§ Exercise description
Set down the final stretch of the data, from the line that holds "mossdagblad-20141227_000_00_00_005.pdf" through the last line, both included, with pictures left out.
========
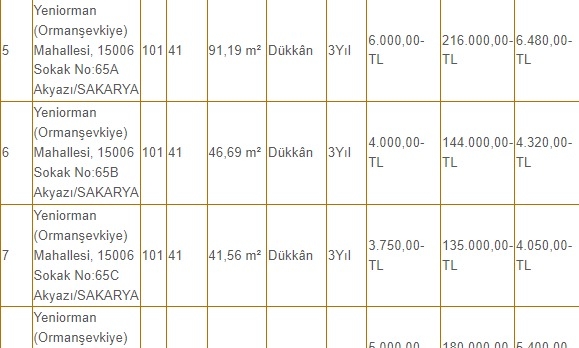 akyazi-belediyesi-nden-kiralik-dukkanlarq0nscwvhwn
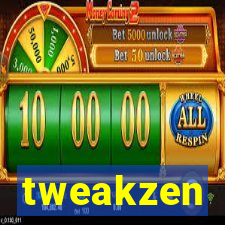 tweakzen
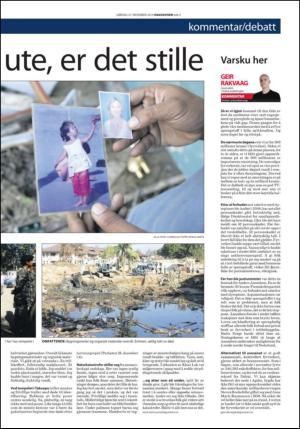 mossdagblad-20141227_000_00_00_005.pdf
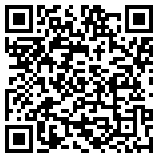 QR Code for Readable Prods in Cortlandt Manor, NY 10567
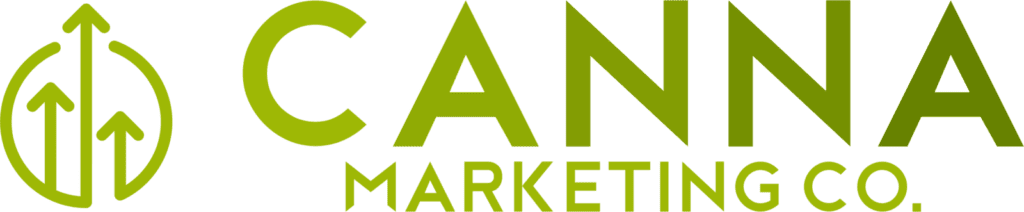 canna marketing logo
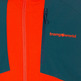 Veste Trangoworld Eighe 441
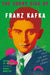 The Sunny Side of Franz Kafka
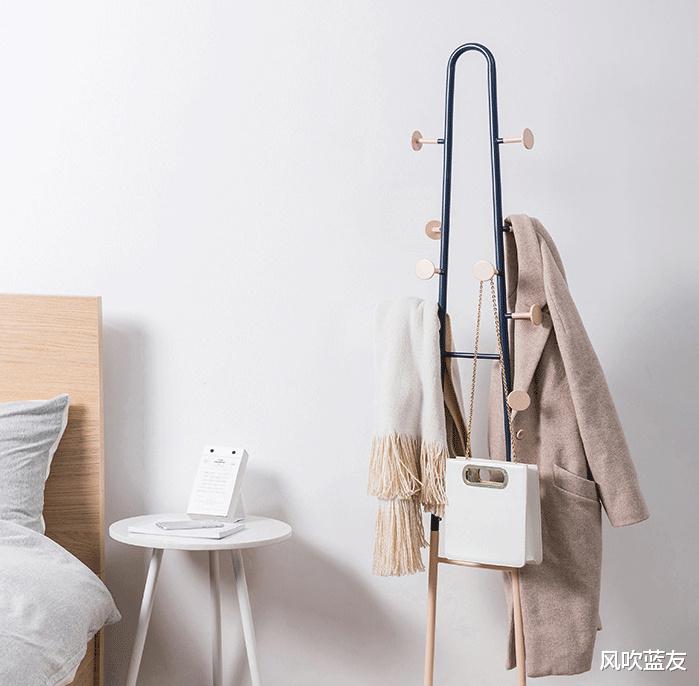 日子过久了才发现,这14个装修项不必要做,简直就是浪费钱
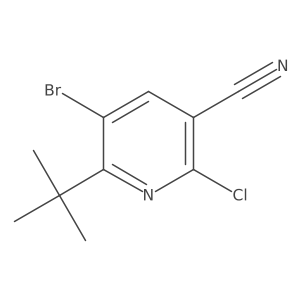 1782383-29-2结构式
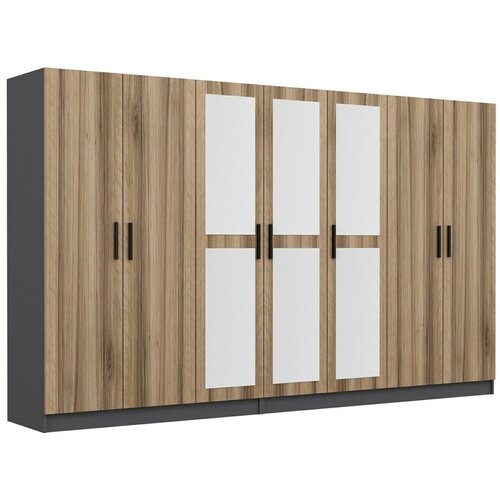Hanah home ormar Kale 5124 Cene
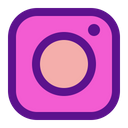 پیش‌نمایش فایل instagram-2999505 از پک عناصر ضروری، جلد ۲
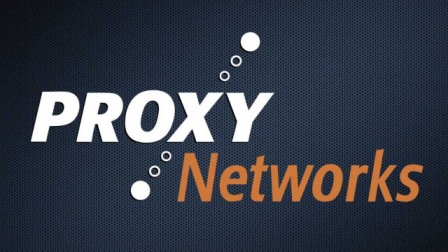 proxy.networks.image.july.2016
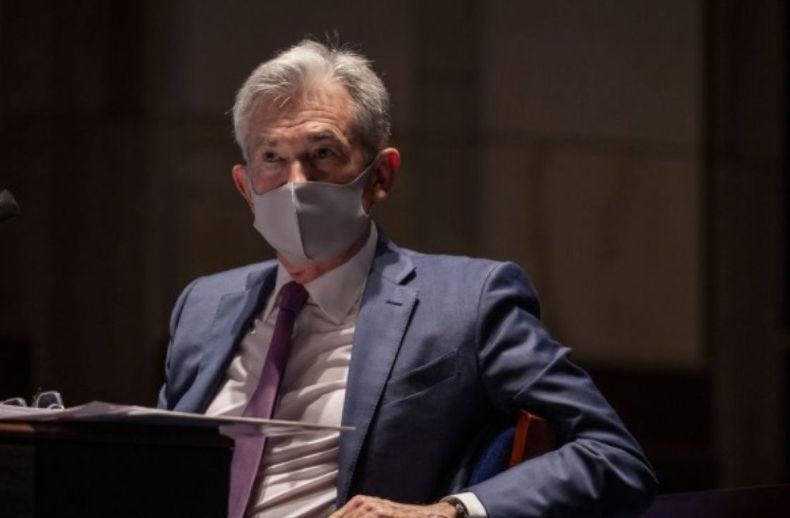 La Fed mostró su compromiso para sostener la economía estadounidense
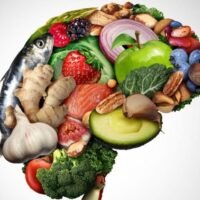 alimentos-ricos-en-vitaminas-para-cerebro-sano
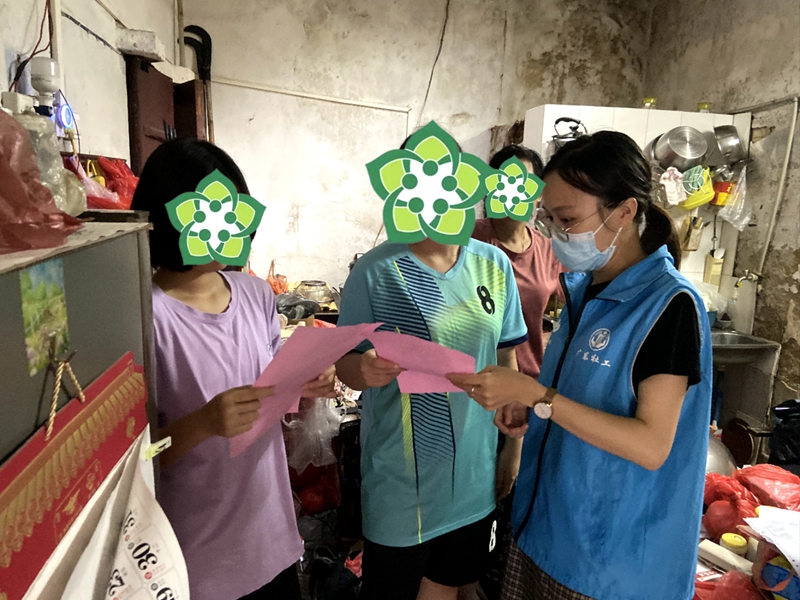 13966289844835133035(1)_副本.jpg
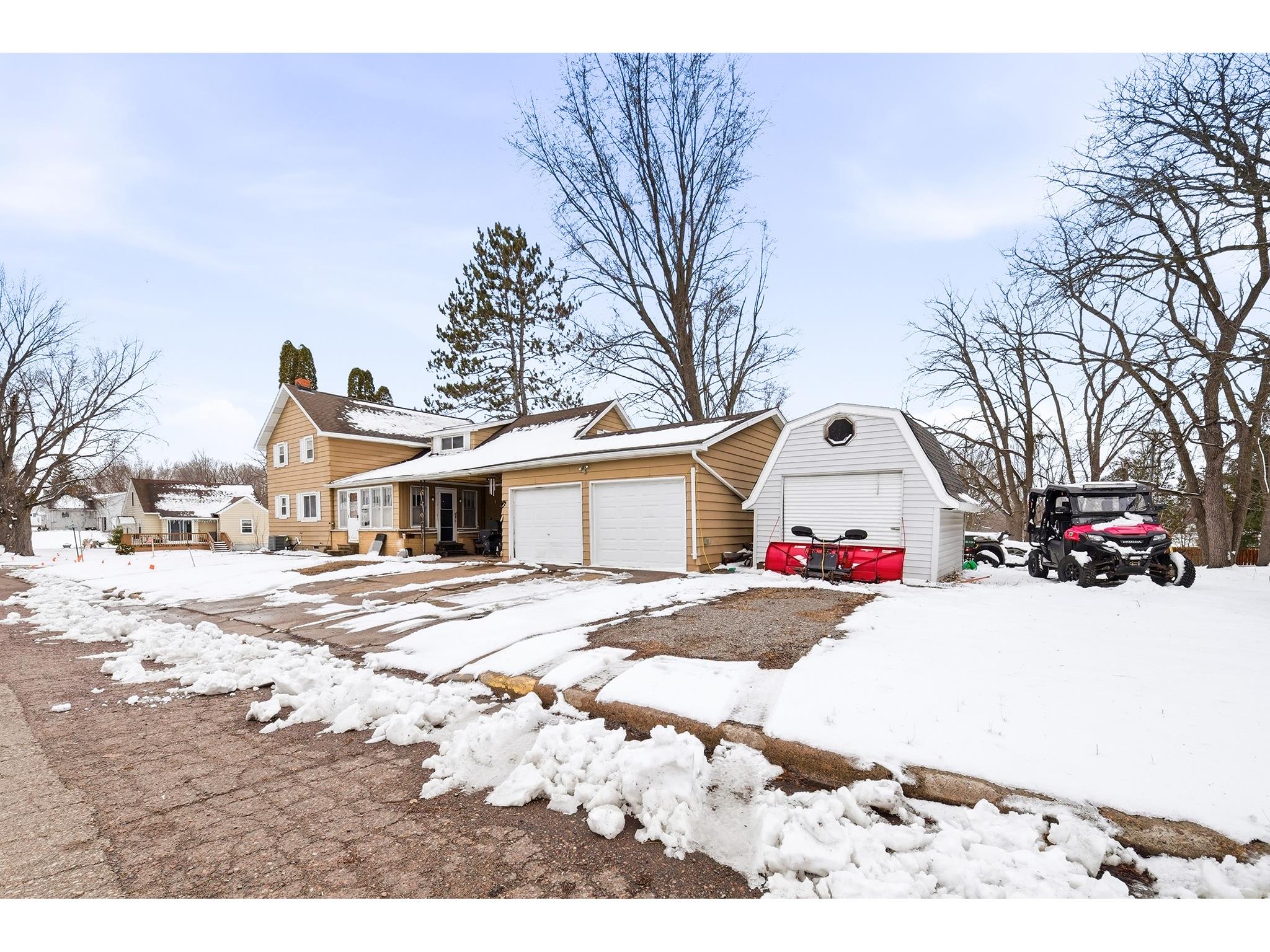 106 N Jackson Boyd WI 54726 1599190 image2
========
§ Answer to the problem
 mossdagblad-20141227_000_00_00_005.pdf
 QR Code for Readable Prods in Cortlandt Manor, NY 10567
 canna marketing logo
 Veste Trangoworld Eighe 441
 The Sunny Side of Franz Kafka
 日子过久了才发现,这14个装修项不必要做,简直就是浪费钱
 1782383-29-2结构式
Hanah home ormar Kale 5124 Cene
 پیش‌نمایش فایل instagram-2999505 از پک عناصر ضروری، جلد ۲
 proxy.networks.image.july.2016
 La Fed mostró su compromiso para sostener la economía estadounidense
 alimentos-ricos-en-vitaminas-para-cerebro-sano
 13966289844835133035(1)_副本.jpg
 106 N Jackson Boyd WI 54726 1599190 image2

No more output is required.